Spam or any other unsolicited message could be used to convince an end-user to reveal sensitive information about themselves or internal computer systems, a message posing as an online survey could ask recipients for their password. The survey could also ask for other information which may allow an attacker targeting a specific organisation to gain valuable intelligence prior to launching another type of attack.

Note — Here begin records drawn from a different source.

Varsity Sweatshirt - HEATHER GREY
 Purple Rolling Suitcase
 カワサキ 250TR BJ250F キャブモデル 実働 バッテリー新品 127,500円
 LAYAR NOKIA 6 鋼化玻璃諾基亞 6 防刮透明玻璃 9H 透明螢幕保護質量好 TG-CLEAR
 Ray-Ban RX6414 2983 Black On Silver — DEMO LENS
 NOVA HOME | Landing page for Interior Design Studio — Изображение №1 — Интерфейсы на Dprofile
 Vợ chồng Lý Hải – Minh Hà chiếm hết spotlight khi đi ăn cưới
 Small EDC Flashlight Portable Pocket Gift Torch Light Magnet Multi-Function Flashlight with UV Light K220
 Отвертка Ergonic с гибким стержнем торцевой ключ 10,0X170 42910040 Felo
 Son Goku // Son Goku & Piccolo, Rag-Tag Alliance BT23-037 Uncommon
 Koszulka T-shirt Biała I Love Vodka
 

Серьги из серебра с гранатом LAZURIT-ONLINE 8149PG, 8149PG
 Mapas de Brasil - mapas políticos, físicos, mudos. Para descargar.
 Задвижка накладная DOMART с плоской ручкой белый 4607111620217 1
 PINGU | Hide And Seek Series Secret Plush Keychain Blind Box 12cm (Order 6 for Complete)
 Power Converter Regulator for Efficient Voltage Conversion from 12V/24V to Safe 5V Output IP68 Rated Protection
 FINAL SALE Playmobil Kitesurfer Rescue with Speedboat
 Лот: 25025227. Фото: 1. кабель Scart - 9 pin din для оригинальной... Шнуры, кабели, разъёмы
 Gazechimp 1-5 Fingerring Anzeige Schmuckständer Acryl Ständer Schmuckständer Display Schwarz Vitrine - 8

The worst thing a user can do when they received spam is reply asking for their name to be removed from the list. Unfortunately spammers do not adhere to or respect the Data Protection Act and to them a reply proves that an address is in use making it even more valuable. Spam should be discarded, preferably not opened.
Train employees to ignore spam e-mail
Roger Marshall, Elite
From being a minor annoyance just months ago, spam is fast becoming one of the top issues for corporate IT. The costs are largely hidden but are real nonetheless. They consist mainly of the time employees spend pressing the delete button as they go through the entries in their in-boxes. Some will spend time actually reading the stuff. If staff could be dissuaded from opening these e-mails, the spam industry would die a natural death, eventually.
The only effective solution on the horizon is international action to outlaw the practice entirely. The problem with that is the time it takes to get countries to act. What we can do is point out to our government the actual cost of spam to our businesses, to raise it on its agenda.
Finally, the Sobig virus is now being spread by spammers, so the answer must be yes. At least with viruses, unlike spam, the protection is effective if properly applied. One thing that you need in both cases, and for effective IT security generally, is good end-user education and firm corporate policies.
Spam wastes valuable business resources
Robin Laidlaw, President, CW500 Club
This it is becoming more of a problem and only in the last year or so have tools become available to try to tackle the issues.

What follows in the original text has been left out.